* [Your goal]: All lines in the records below from the line with "INTEX Jump-o-Lene Ring" through the line with "Hibiscus Pattern Print" are to be given again exactly, both ends included; the pictures are to be left out.

* [Stored data]:

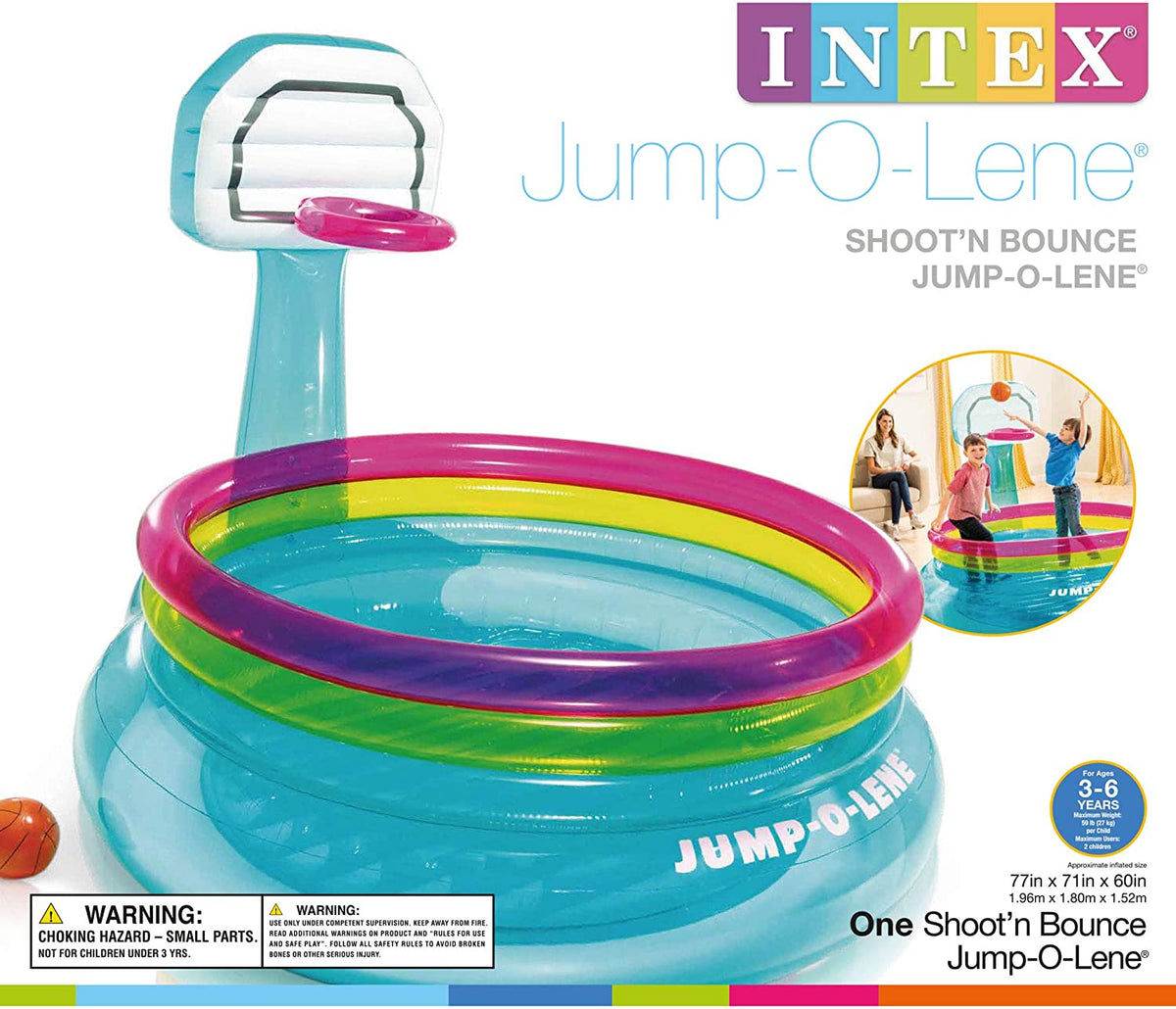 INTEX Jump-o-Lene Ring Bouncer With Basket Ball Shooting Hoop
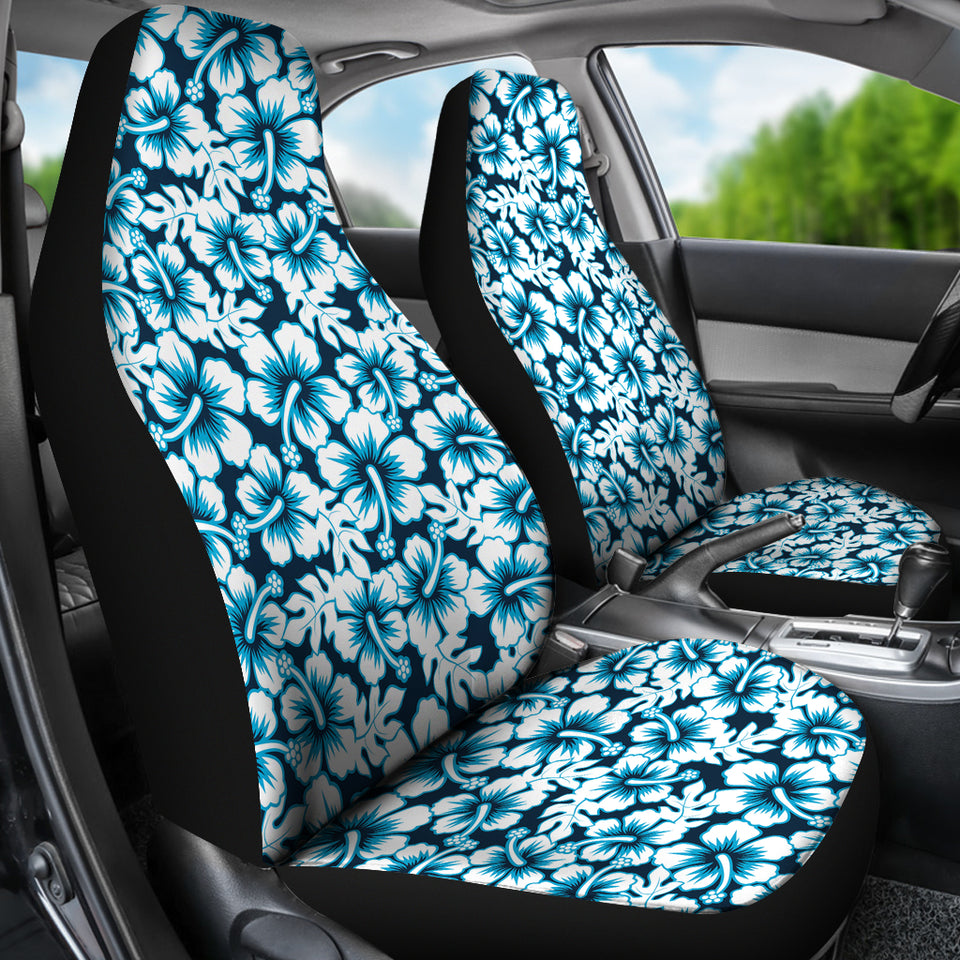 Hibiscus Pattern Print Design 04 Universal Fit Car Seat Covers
* * *
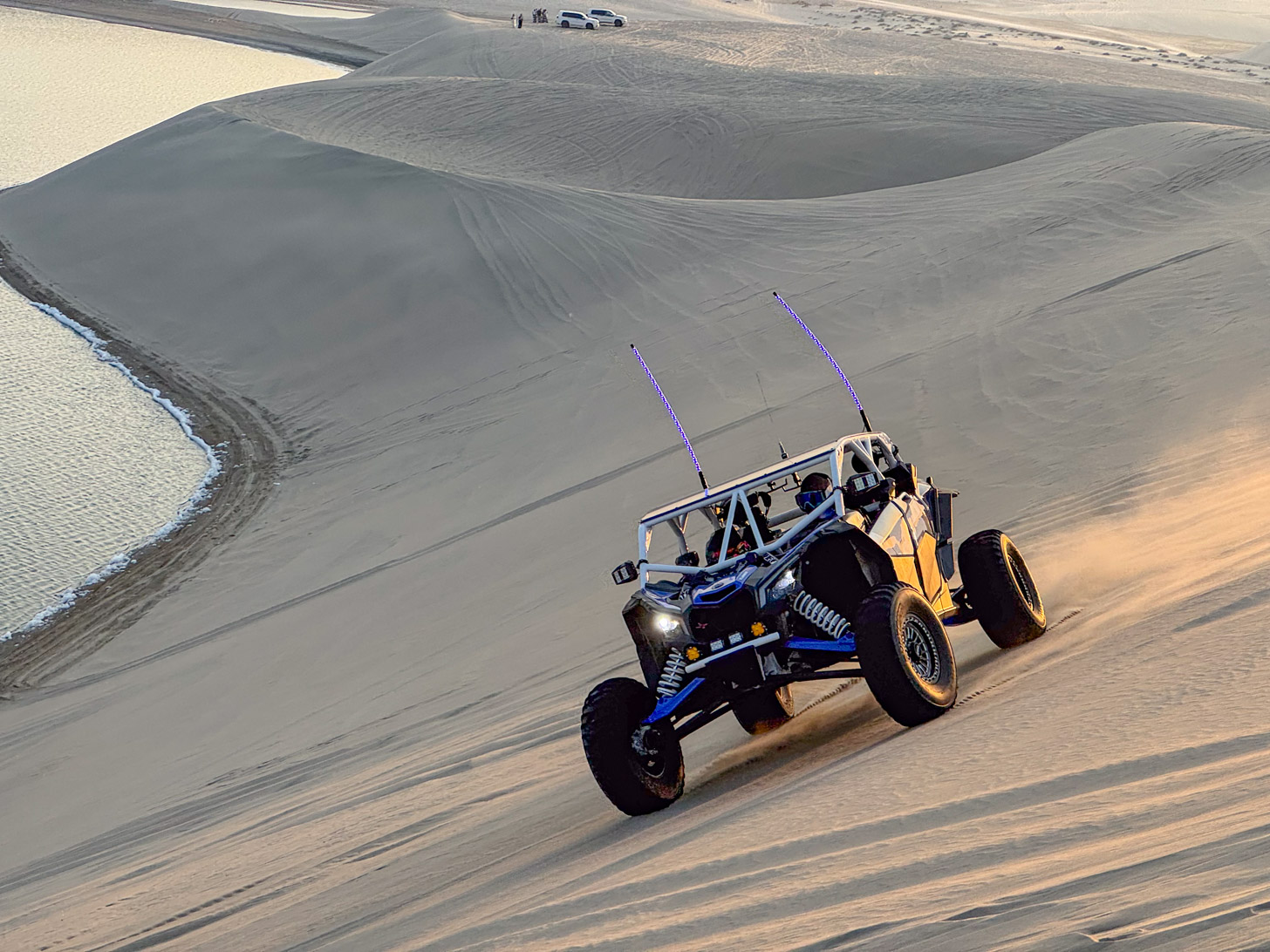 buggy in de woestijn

* [Final answer]:
 INTEX Jump-o-Lene Ring Bouncer With Basket Ball Shooting Hoop
 Hibiscus Pattern Print Design 04 Universal Fit Car Seat Covers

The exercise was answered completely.